Skip to content

fix(runtime): give event publishers unique discovery identities#11014

Open
zhongdaor-nv wants to merge 2 commits into
mainfrom
fix/event-publisher-identity
Open

fix(runtime): give event publishers unique discovery identities#11014
zhongdaor-nv wants to merge 2 commits into
mainfrom
fix/event-publisher-identity

Conversation

@zhongdaor-nv

@zhongdaor-nv zhongdaor-nv commented Jun 27, 2026

Copy link
Copy Markdown
Contributor

Summary

  • Give every EventPublisher a fork-safe, per-incarnation publisher ID and use the same ID in both EventEnvelope and event-channel discovery.
  • Keep the existing four-part discovery key and serialized DiscoveryInstance::EventChannel shape while allowing multiple publishers for the same process/component/topic.
  • Track ZMQ publisher connections by full DiscoveryInstanceId and ignore unrelated topics.
  • Keep asynchronous discovery unregister work alive through graceful-shutdown Phase 2.
  • Add a direct ZMQ regression test covering two same-topic publishers, event delivery from both, and continued delivery after one publisher is dropped.
  • Remove the mocker E2E autouse fixture that forced NATS, so nondurable mocker coverage exercises the default ZMQ event plane.
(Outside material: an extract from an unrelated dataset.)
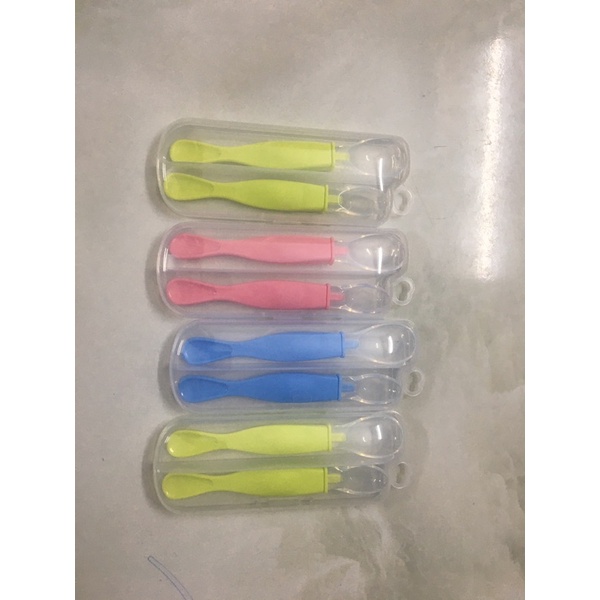 Hộp 2 thìa silicon cho bé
The root cause was that each publisher bound its own ZMQ endpoint and owned its own sequence counter, but all publishers in one process registered with the process-level discovery ID. Their discovery keys therefore collided, subscribers only connected to one endpoint, and dropping any colliding publisher could remove the shared registration.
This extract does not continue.